--- HOW TO COMPLETE THIS TASK ---
Only the lines from the one with "Owl At Home(The Guest) 20260519" through the last line of the records below belong in your answer, reproduced exactly and with the pictures left out.

::: EXERCISE INPUT :::

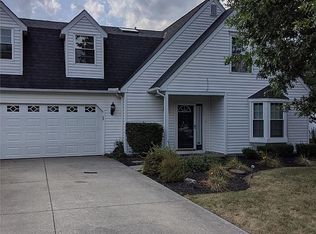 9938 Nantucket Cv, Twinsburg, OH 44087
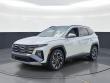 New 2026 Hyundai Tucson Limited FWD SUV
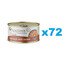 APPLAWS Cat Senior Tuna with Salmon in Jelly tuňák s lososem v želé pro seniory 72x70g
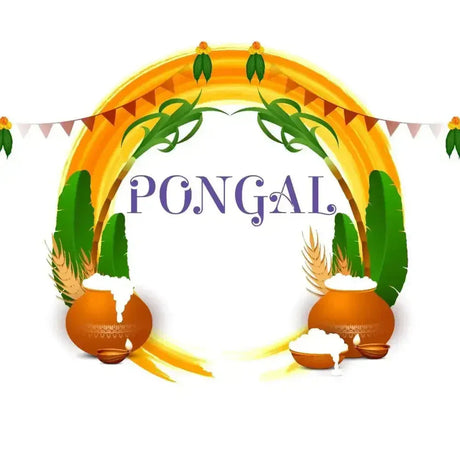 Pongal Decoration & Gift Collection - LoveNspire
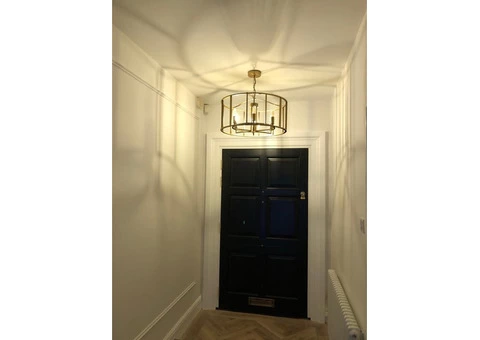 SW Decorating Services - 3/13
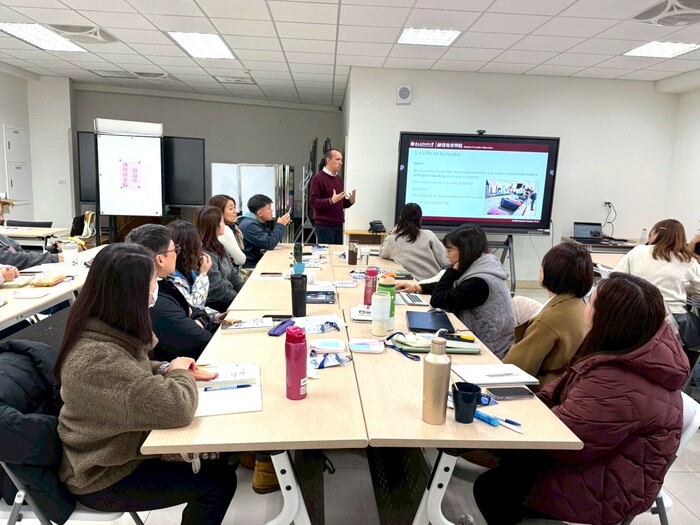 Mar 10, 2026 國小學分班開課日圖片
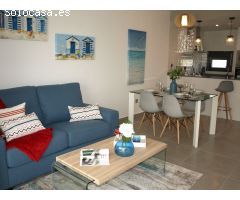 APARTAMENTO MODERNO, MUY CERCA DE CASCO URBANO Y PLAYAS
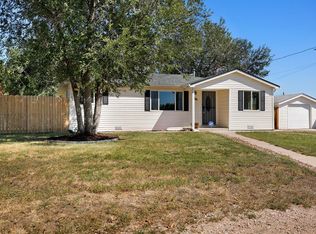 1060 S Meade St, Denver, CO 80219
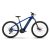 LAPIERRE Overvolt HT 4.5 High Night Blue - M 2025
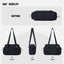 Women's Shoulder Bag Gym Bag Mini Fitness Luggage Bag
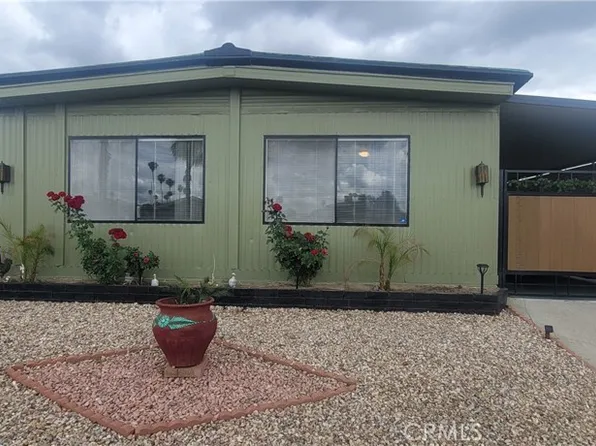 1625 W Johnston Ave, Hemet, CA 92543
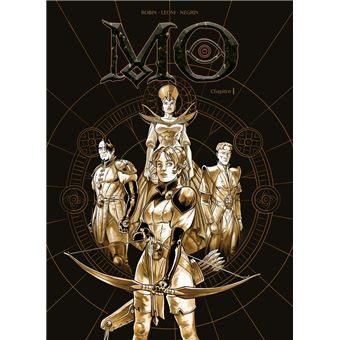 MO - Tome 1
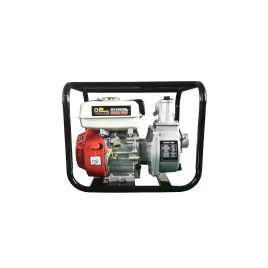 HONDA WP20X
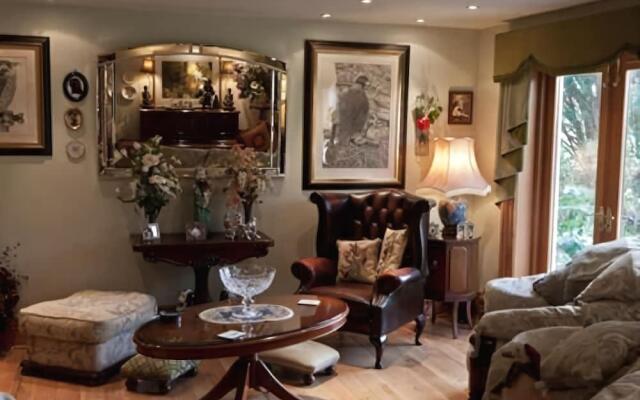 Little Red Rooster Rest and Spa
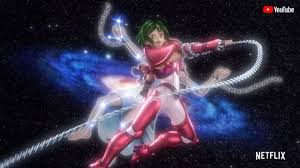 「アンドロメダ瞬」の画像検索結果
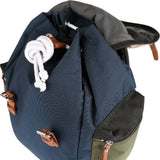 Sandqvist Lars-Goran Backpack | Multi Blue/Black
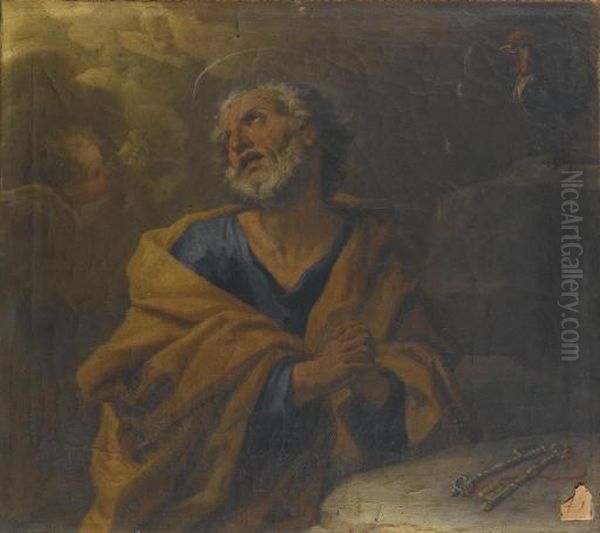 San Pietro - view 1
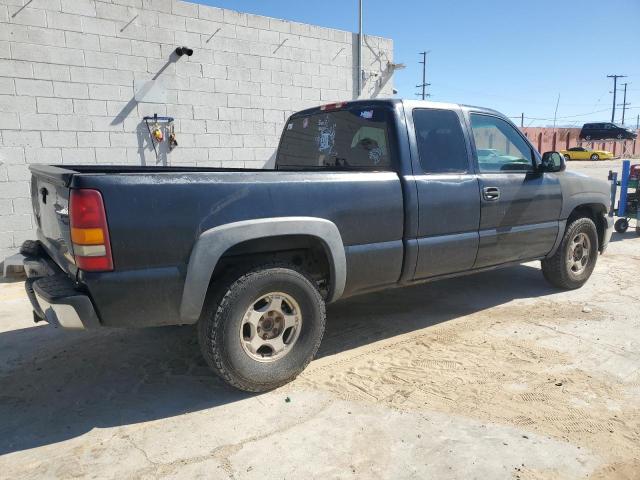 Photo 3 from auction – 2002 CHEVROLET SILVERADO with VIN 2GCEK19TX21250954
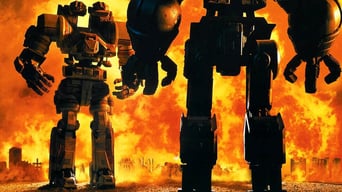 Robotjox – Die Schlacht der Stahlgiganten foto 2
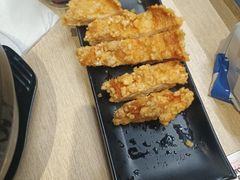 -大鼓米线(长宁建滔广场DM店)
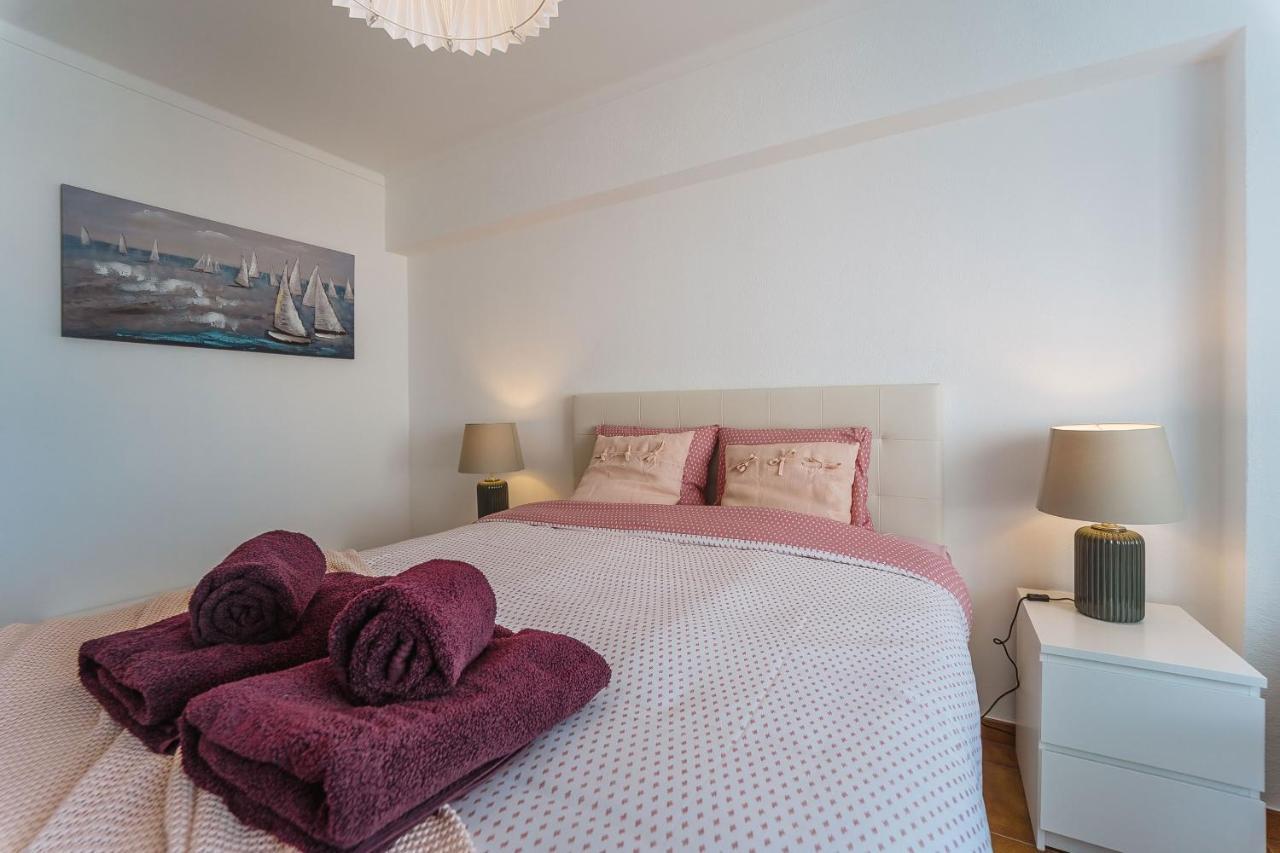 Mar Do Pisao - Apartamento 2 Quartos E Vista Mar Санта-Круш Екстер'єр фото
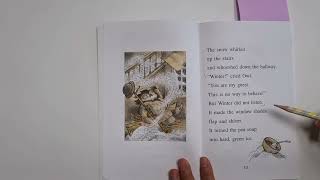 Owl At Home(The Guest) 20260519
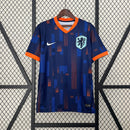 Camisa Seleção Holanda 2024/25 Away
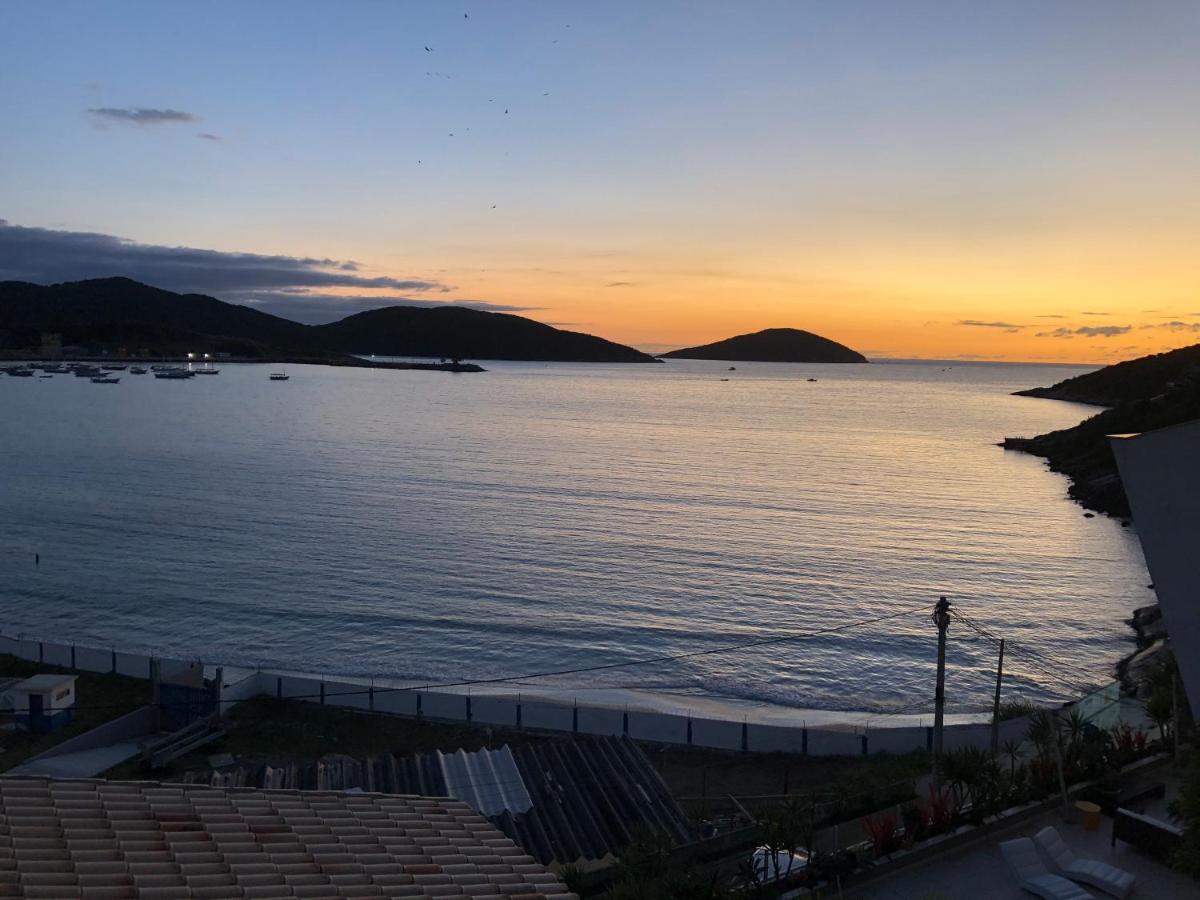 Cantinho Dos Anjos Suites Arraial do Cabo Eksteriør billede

:::

--- EXPECTED ANSWER ---
 Owl At Home(The Guest) 20260519
 Camisa Seleção Holanda 2024/25 Away
 Cantinho Dos Anjos Suites Arraial do Cabo Eksteriør billede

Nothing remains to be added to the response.